**Excerpts from a dataset**
>>>
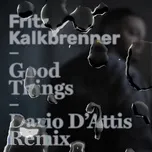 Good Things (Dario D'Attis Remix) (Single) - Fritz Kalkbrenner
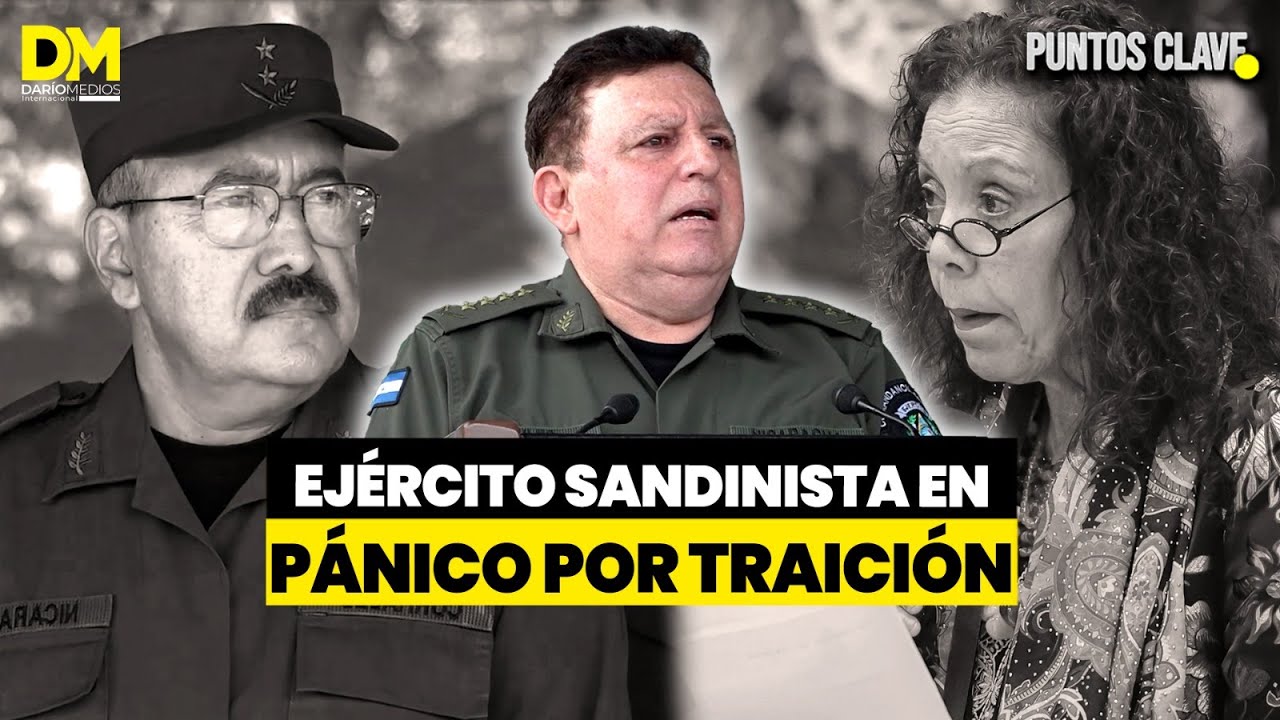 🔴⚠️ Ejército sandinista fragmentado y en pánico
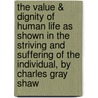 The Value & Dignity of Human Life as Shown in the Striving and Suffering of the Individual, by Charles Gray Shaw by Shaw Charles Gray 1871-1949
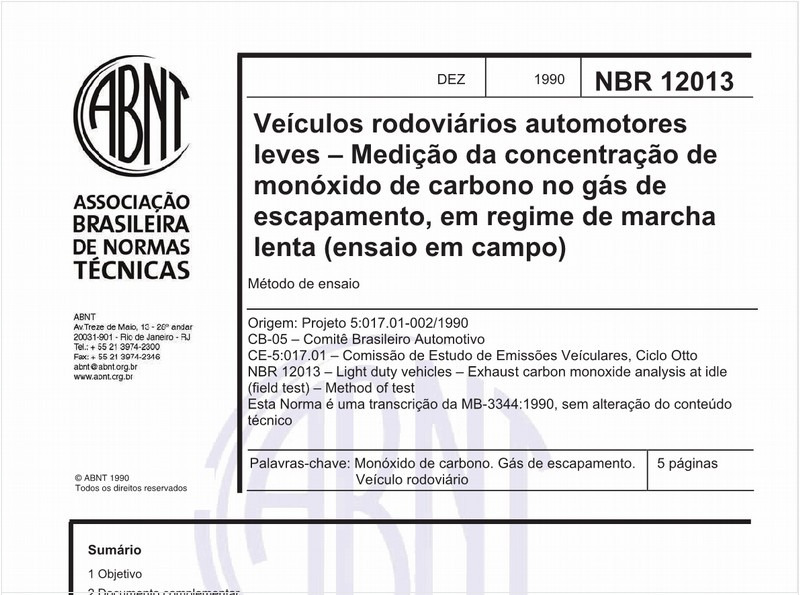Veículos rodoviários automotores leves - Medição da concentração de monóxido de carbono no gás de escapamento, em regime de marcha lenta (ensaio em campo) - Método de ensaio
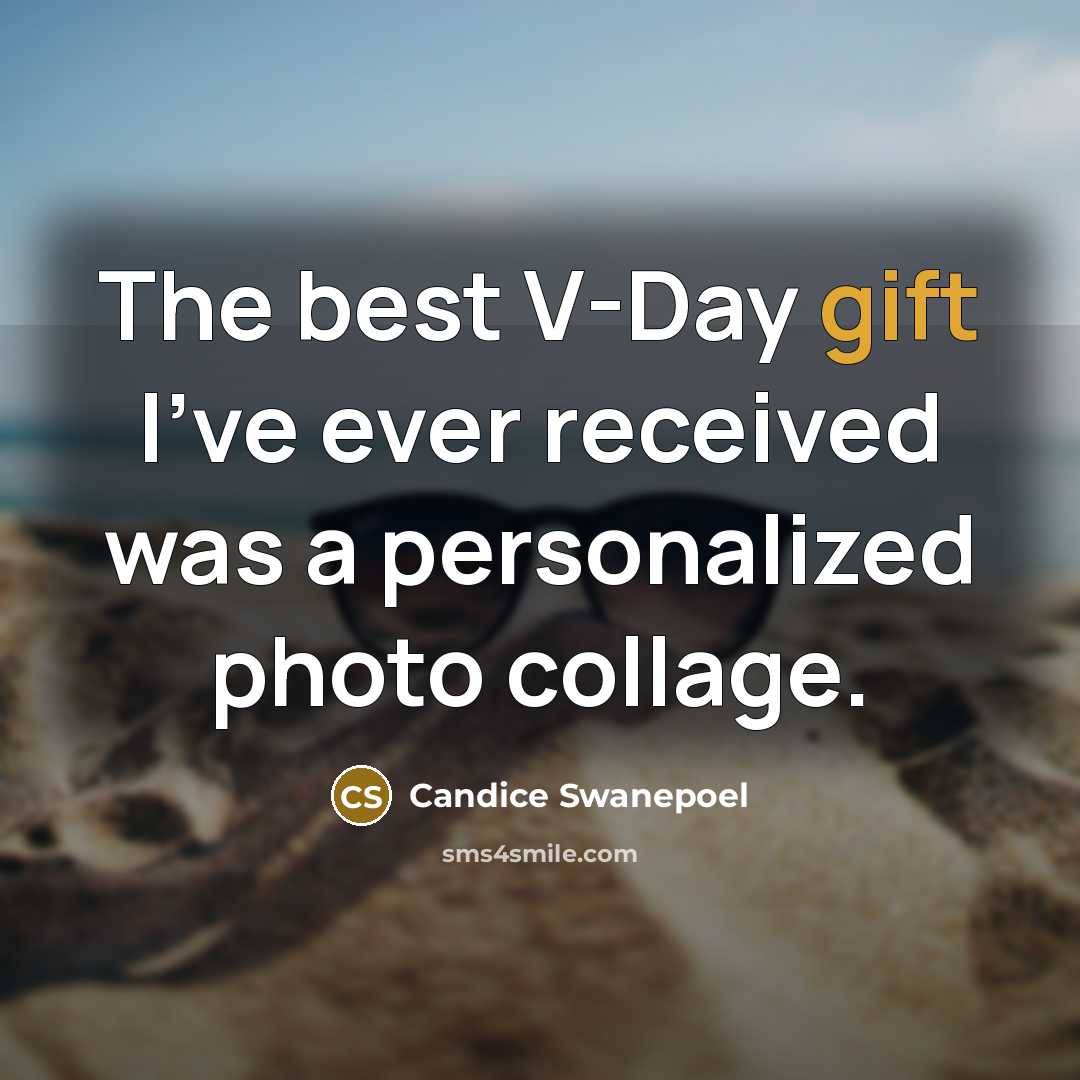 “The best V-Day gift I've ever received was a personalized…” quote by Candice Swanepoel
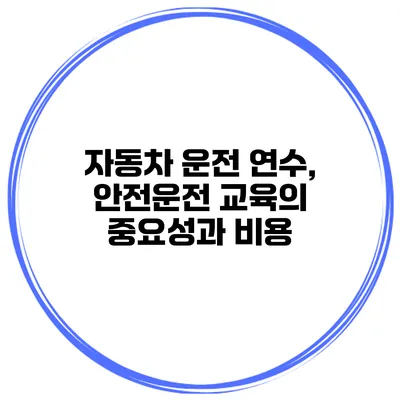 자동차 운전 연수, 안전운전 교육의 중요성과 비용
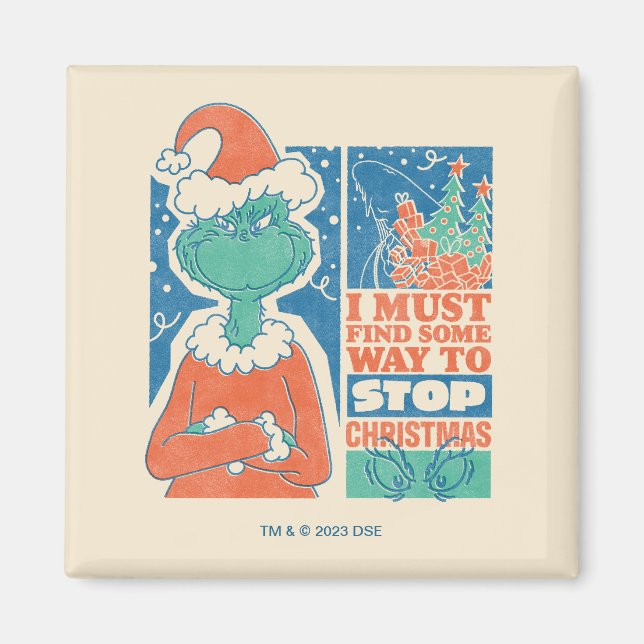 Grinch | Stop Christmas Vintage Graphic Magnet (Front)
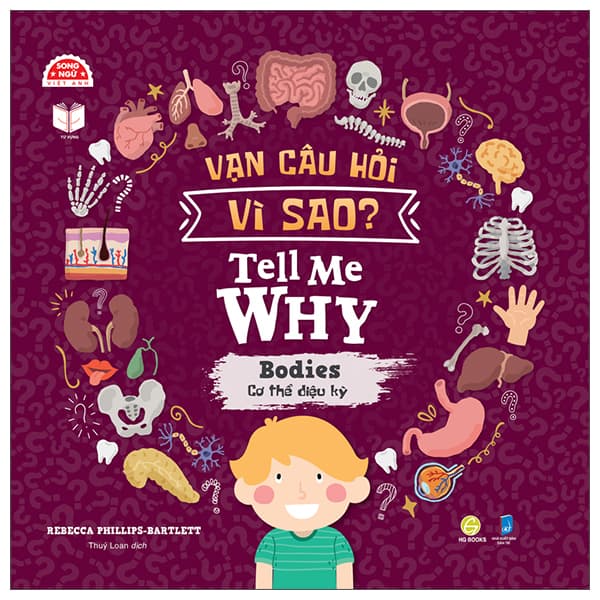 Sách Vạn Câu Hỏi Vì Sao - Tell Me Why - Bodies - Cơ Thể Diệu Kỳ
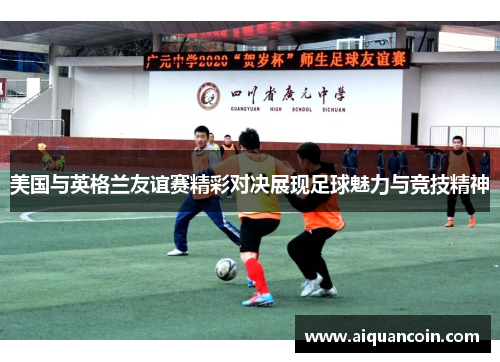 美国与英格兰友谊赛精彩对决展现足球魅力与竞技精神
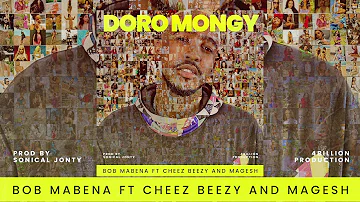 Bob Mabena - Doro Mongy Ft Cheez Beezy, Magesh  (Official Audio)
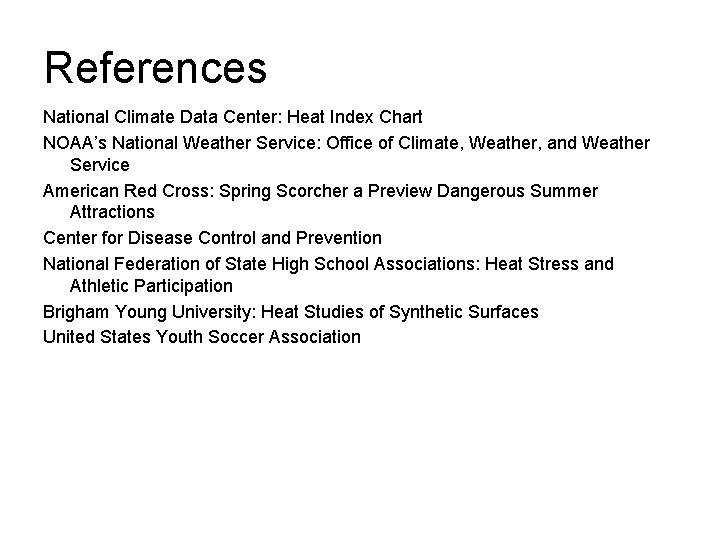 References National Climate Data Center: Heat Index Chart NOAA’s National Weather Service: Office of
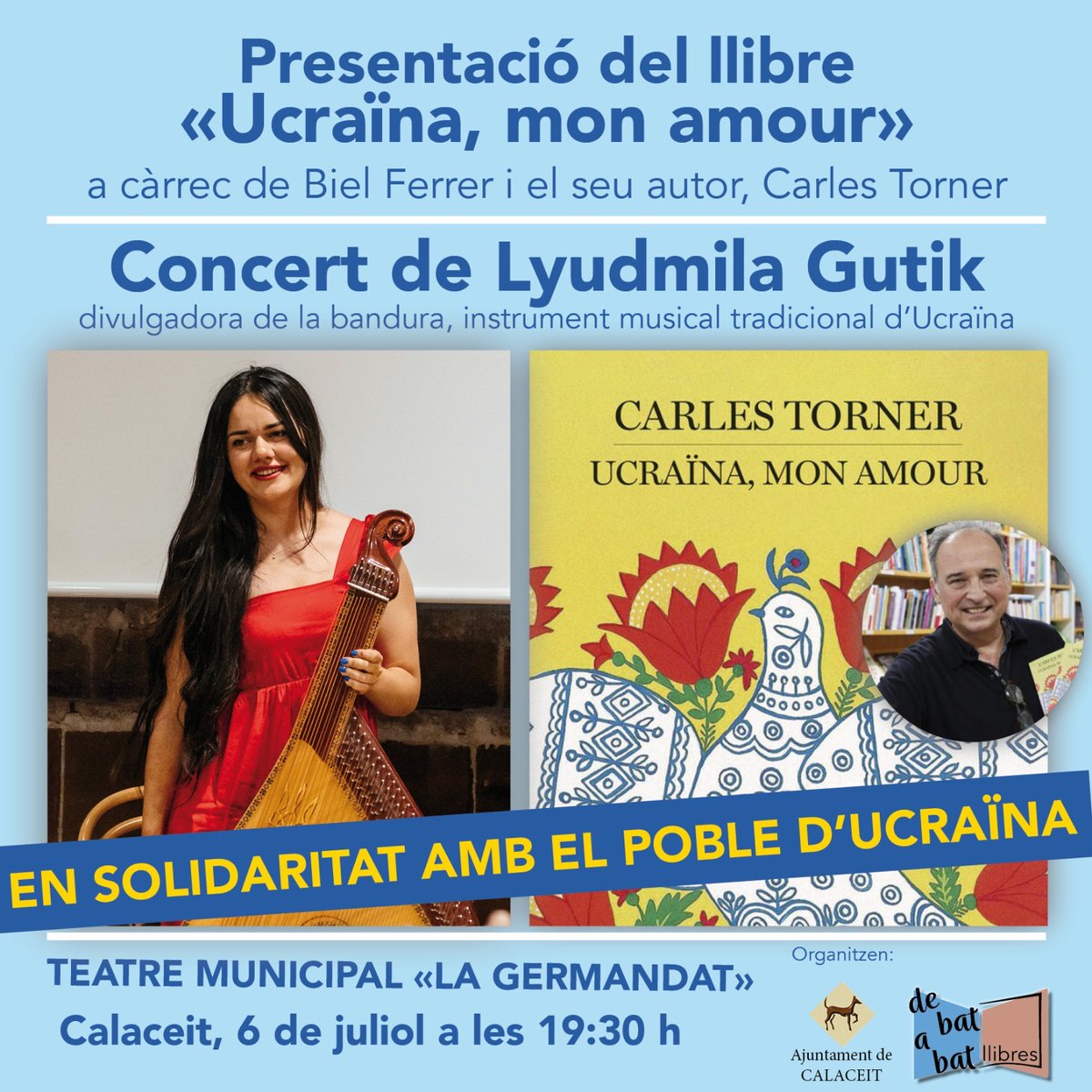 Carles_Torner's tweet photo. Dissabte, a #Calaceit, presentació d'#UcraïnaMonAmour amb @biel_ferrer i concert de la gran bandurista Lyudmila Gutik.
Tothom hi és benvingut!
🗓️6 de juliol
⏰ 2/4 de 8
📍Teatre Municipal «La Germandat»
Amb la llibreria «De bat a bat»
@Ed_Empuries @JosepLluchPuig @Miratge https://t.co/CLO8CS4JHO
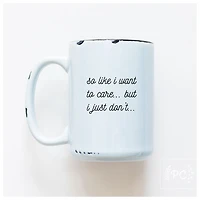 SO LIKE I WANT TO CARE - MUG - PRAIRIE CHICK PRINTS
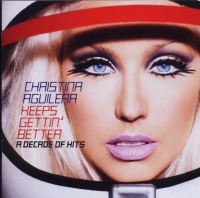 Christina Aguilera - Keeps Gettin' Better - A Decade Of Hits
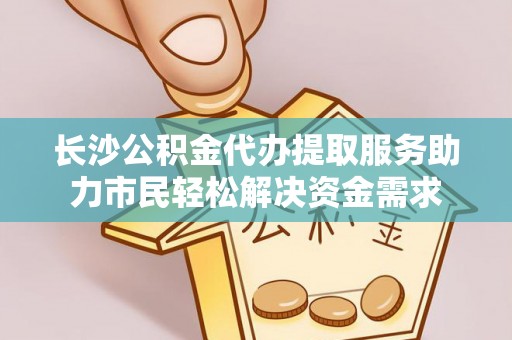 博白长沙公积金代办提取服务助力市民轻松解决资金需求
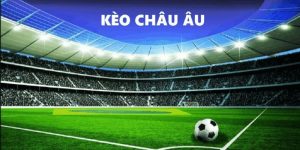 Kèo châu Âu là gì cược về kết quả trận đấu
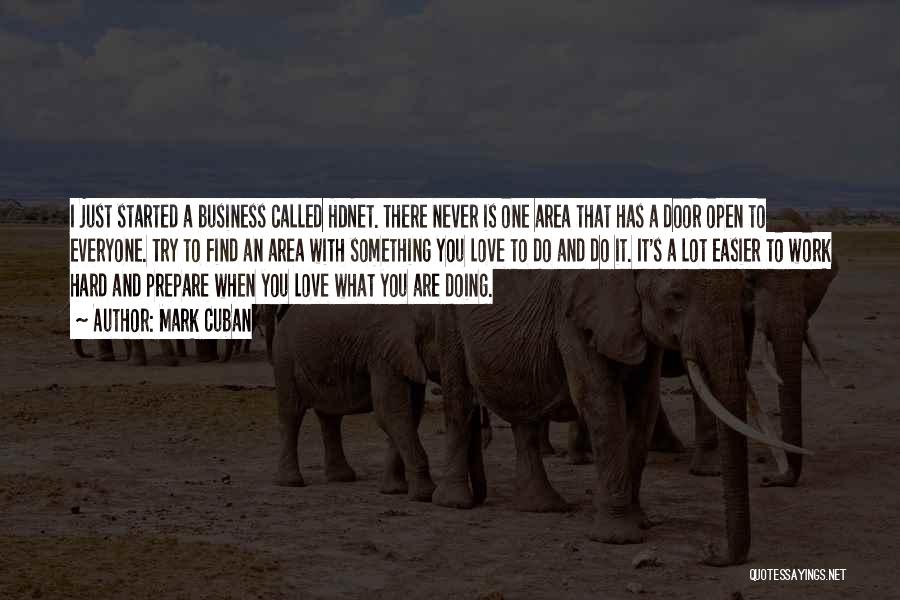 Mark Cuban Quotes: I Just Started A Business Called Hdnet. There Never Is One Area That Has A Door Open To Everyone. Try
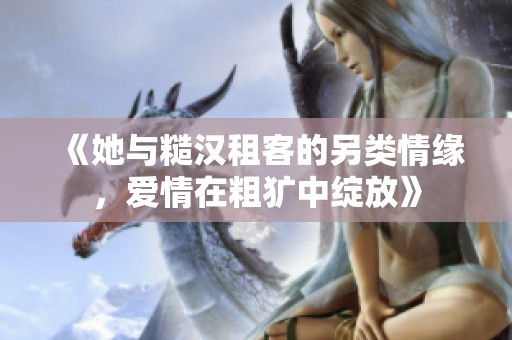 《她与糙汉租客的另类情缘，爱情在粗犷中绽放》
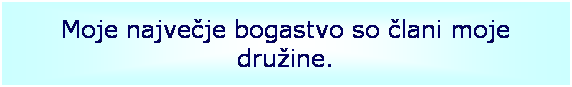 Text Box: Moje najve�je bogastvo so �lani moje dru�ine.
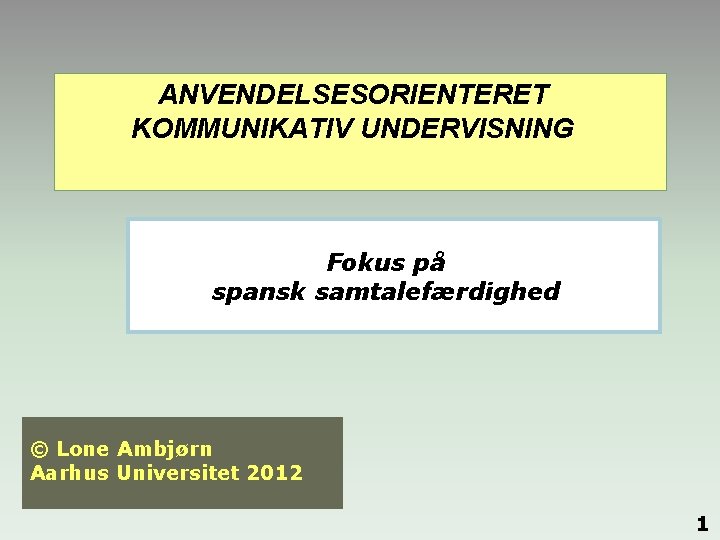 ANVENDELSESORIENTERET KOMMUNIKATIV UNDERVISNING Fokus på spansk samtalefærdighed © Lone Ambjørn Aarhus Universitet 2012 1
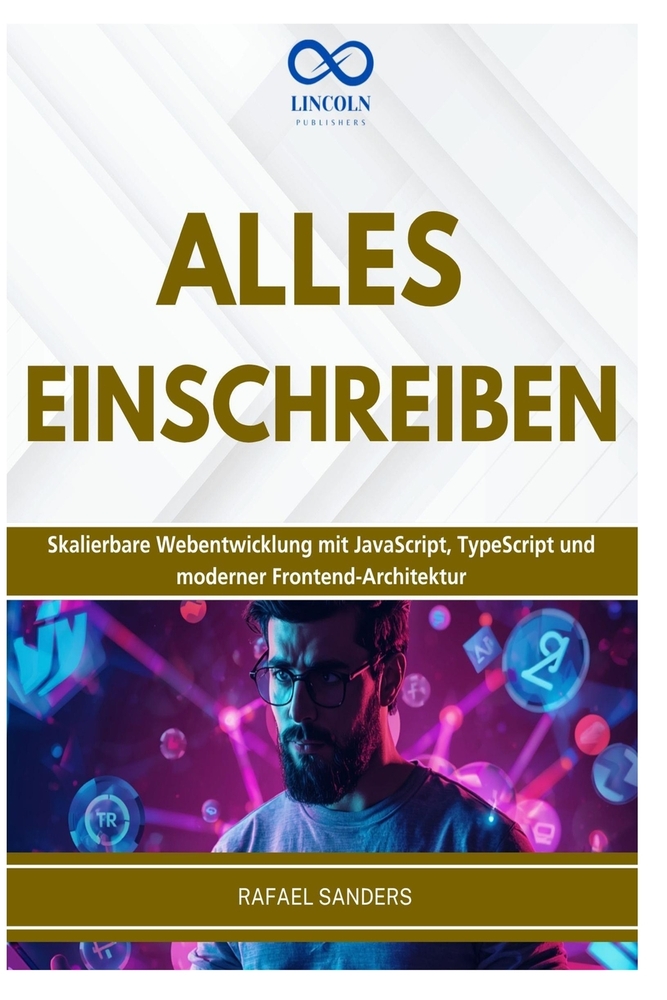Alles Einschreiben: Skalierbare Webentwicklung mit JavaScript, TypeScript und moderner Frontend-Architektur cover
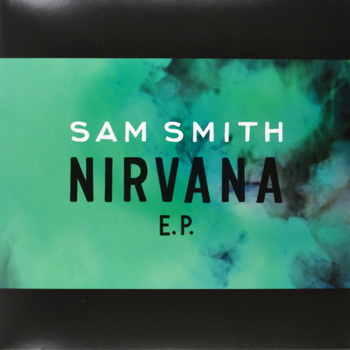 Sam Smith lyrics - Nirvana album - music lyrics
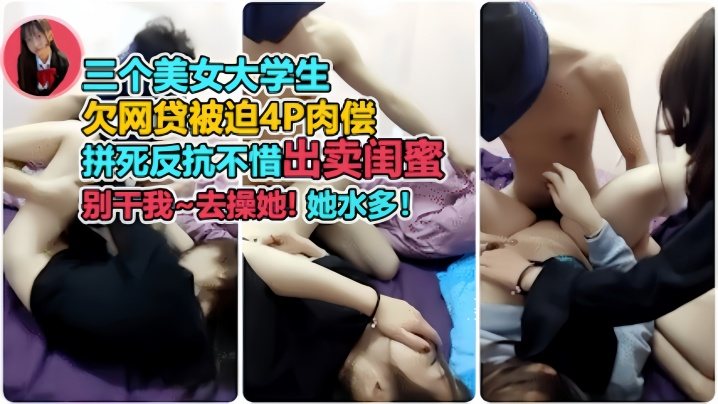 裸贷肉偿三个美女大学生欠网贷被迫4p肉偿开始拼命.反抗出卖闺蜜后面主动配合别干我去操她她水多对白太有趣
<<<
**Exercise instructions**
No pictures should appear in the copy, and each record above is to be returned exactly.

**Solution for this exercise**
 Good Things (Dario D'Attis Remix) (Single) - Fritz Kalkbrenner
 🔴⚠️ Ejército sandinista fragmentado y en pánico
 The Value & Dignity of Human Life as Shown in the Striving and Suffering of the Individual, by Charles Gray Shaw by Shaw Charles Gray 1871-1949
Veículos rodoviários automotores leves - Medição da concentração de monóxido de carbono no gás de escapamento, em regime de marcha lenta (ensaio em campo) - Método de ensaio
 “The best V-Day gift I've ever received was a personalized…” quote by Candice Swanepoel
 자동차 운전 연수, 안전운전 교육의 중요성과 비용
 Grinch | Stop Christmas Vintage Graphic Magnet (Front)
 Sách Vạn Câu Hỏi Vì Sao - Tell Me Why - Bodies - Cơ Thể Diệu Kỳ
 美国与英格兰友谊赛精彩对决展现足球魅力与竞技精神
 Bob Mabena - Doro Mongy Ft Cheez Beezy, Magesh  (Official Audio)
 References National Climate Data Center: Heat Index Chart NOAA’s National Weather Service: Office of
 Carles_Torner's tweet photo. Dissabte, a #Calaceit, presentació d'#UcraïnaMonAmour amb @biel_ferrer i concert de la gran bandurista Lyudmila Gutik.
Tothom hi és benvingut!
🗓️6 de juliol
⏰ 2/4 de 8
📍Teatre Municipal «La Germandat»
Amb la llibreria «De bat a bat»
@Ed_Empuries @JosepLluchPuig @Miratge https://t.co/CLO8CS4JHO
 SO LIKE I WANT TO CARE - MUG - PRAIRIE CHICK PRINTS
 Christina Aguilera - Keeps Gettin' Better - A Decade Of Hits
 博白长沙公积金代办提取服务助力市民轻松解决资金需求
 Kèo châu Âu là gì cược về kết quả trận đấu
 Mark Cuban Quotes: I Just Started A Business Called Hdnet. There Never Is One Area That Has A Door Open To Everyone. Try
 《她与糙汉租客的另类情缘，爱情在粗犷中绽放》
 Text Box: Moje najve�je bogastvo so �lani moje dru�ine.
 ANVENDELSESORIENTERET KOMMUNIKATIV UNDERVISNING Fokus på spansk samtalefærdighed © Lone Ambjørn Aarhus Universitet 2012 1
Alles Einschreiben: Skalierbare Webentwicklung mit JavaScript, TypeScript und moderner Frontend-Architektur cover
 Sam Smith lyrics - Nirvana album - music lyrics
 裸贷肉偿三个美女大学生欠网贷被迫4p肉偿开始拼命.反抗出卖闺蜜后面主动配合别干我去操她她水多对白太有趣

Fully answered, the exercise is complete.